For the pragmatist, the value of an idea (e.g. supervision of insurance) lies in its practical results. So, the questions is, how far and how well have the regulators performed?

  1. Why is it necessary to regulate or supervise the insurance industry?
  2. How are insurers supervised?
  3. How effective is the supervision?
  4. Can supervision be made better?

1.3 OBJECTIVE OF STUDY

This research work has the following objectives:
1. To trace as far as possible, the origin of insurance
2. To show the time and method of the introduction of insurance into Nigeria.
3. The history and method of insurance supervision in Nigeria.
4. The contribution of regulatory bodies to the insurance industry.
5. To appraise their performance and determine if they have done well so far.
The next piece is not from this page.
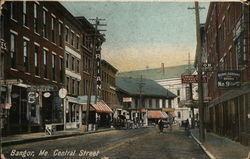 Central Street Bangor, ME Postcard Postcard Postcard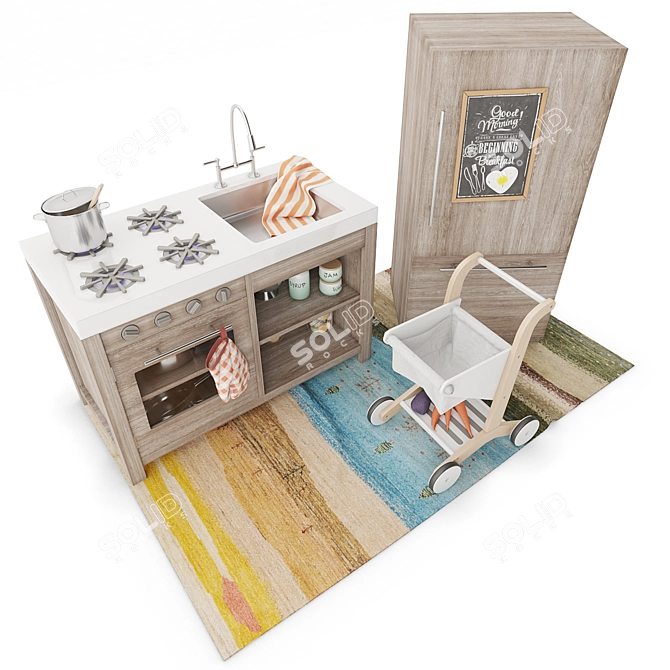 Title: Cozy Kitchen Charm 3D model image 2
  1. Finally, to suggest how they can improve.

1.4 SIGNIFICANCE OF THE STUDY

This project is intended to serve a number of purposes and all effort has been made to ensure that it has been written to meet these purposes.

  1. This project will highlight the supervisory bodies and educate on their functions and mode of operation.
  2. To suggest ways of improving their effectiveness.
  3. Every research should ad to the volume of knowledge already accumulated. This project is not as exception.

1.5 RESEARCH HYPOTHESES

The following hypothesis were formed to achieve the objectives of the research.

  1. Ho – The regulatory authorities are unable to carry out their roles and functions in the Nigerian insurance industry.

H1 – The regulatory authorities are able to carry out their roles and function in the Nigeria insurance industry.

  1. Ho – The regulatory authorities did not contribute substantially to the manpower development in the insurance industry.

H1 – The regulatory authorities have contributed to the manpower development in the insurance industry.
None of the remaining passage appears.